Good points. These newer models might take a bite out of the upgraded models with the metal bezel/bracelets. Casio might prefer to rake in the cash on the expensive models before releasing the cheaper alternative.

You get get me to thinking though, since these resin-bezeled models share the same dimensions as the DW-5600E and the GW-5000, I wonder if the module of the new models can be fitted into the GW-5000 case.


----------



## d2mac (Mar 19, 2008)

The GW-5000 came not out of the blue, either.
There was the functionally very comparable and well selling GW-M5600 before (5 band).
When Casio updated the module to 6-band it came first in the GW-5000.



FROG said:


> A counter-argument is comparing it to the GW-5000 release in 2009, then the GW-M5610 release in 2012 with the same module. I don't remember there being a leak of the GW-M5610 in the same time frame as the GW-5000, however.


----------



## MCZK (Dec 4, 2012)

Some live pics...


----------



## Ottovonn (Dec 9, 2011)

MCZK said:


> Some live pics...
> 
> View attachment 13489275
> 
> ...


Thanks for posting this, MCZK! I guess they are real after all. I think they're all nice. I like the yellow best; I think the black model may be too minimalist for me. The bracelet of these models seems to be a resin mold of the full metal bracelets.


----------



## GaryK30 (Dec 14, 2014)

Ottovonn said:


> Thanks for posting this, MCZK! I guess they are real after all. I think they're all nice. I like the yellow best; I think the black model may be too minimalist for me. The bracelet of these models seems to be a resin mold of the full metal bracelets.

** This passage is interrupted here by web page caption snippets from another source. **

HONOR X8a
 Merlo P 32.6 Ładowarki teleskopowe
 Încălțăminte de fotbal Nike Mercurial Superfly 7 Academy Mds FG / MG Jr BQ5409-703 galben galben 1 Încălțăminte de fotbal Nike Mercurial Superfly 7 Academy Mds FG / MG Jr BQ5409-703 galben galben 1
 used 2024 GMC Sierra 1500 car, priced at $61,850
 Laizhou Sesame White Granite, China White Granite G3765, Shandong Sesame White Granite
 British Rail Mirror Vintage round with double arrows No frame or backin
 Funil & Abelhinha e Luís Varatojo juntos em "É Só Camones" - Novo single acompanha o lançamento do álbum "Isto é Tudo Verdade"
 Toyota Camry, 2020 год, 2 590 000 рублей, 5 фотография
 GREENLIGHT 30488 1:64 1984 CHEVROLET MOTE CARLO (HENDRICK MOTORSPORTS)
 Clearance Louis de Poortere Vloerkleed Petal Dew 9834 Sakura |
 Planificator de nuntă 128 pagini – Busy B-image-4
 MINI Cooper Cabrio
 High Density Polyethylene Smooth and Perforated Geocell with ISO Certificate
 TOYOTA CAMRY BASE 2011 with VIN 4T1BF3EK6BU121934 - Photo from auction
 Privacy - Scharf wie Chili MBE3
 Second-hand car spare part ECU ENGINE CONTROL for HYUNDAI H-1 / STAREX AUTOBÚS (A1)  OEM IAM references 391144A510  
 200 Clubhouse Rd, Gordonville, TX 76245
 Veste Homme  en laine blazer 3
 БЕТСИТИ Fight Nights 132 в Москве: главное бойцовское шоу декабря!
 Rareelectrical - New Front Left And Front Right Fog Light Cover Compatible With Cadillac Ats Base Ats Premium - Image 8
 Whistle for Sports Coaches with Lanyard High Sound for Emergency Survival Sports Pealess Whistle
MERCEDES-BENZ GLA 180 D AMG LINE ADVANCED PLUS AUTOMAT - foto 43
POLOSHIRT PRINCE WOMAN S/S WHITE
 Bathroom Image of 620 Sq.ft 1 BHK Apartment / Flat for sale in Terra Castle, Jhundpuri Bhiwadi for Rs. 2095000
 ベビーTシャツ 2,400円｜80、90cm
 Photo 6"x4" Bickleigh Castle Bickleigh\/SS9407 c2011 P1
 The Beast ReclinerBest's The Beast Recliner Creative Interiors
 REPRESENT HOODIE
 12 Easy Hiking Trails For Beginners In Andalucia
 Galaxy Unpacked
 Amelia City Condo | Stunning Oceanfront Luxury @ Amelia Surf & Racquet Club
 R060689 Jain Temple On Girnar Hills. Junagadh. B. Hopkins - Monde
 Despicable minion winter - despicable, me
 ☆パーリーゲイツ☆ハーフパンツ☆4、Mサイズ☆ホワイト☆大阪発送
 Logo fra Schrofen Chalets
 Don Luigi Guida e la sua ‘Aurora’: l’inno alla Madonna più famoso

I wish they had an all black model with a gray positive display.


----------



## Matt Stone (Feb 9, 2013)

Was excited for this. Still tiny buttons. Disappointed. Oh well.


----------



## grinta (Apr 13, 2017)

Matt Stone said:


> Was excited for this. Still tiny buttons. Disappointed. Oh well.


As long as the upper left one is not recessed like on a dw-5600, it should do the trick for me.

The new combi bracelet looks awesome


----------



## FROG (Nov 17, 2009)

Matt Stone said:


> Was excited for this. Still tiny buttons. Disappointed. Oh well.


You need skinnier fingers


----------



## FROG (Nov 17, 2009)

MCZK, can you please tell us some more about the circumstances of this sighting? Thanks for the photos!!


----------



## perfectlykevin (Feb 16, 2006)

I can see why they removed the stock pics of these models. The color models don't look much like those old stock pics.


----------



## perfectlykevin (Feb 16, 2006)

Oh, and assuming they use the STN display on these models, the negative display should be pretty legible, yeah? Not familiar with the STN at all, neg or otherwise.


----------



## FROG (Nov 17, 2009)

perfectlykevin said:


> Oh, and assuming they use the STN display on these models, the negative display should be pretty legible, yeah? Not familiar with the STN at all, neg or otherwise.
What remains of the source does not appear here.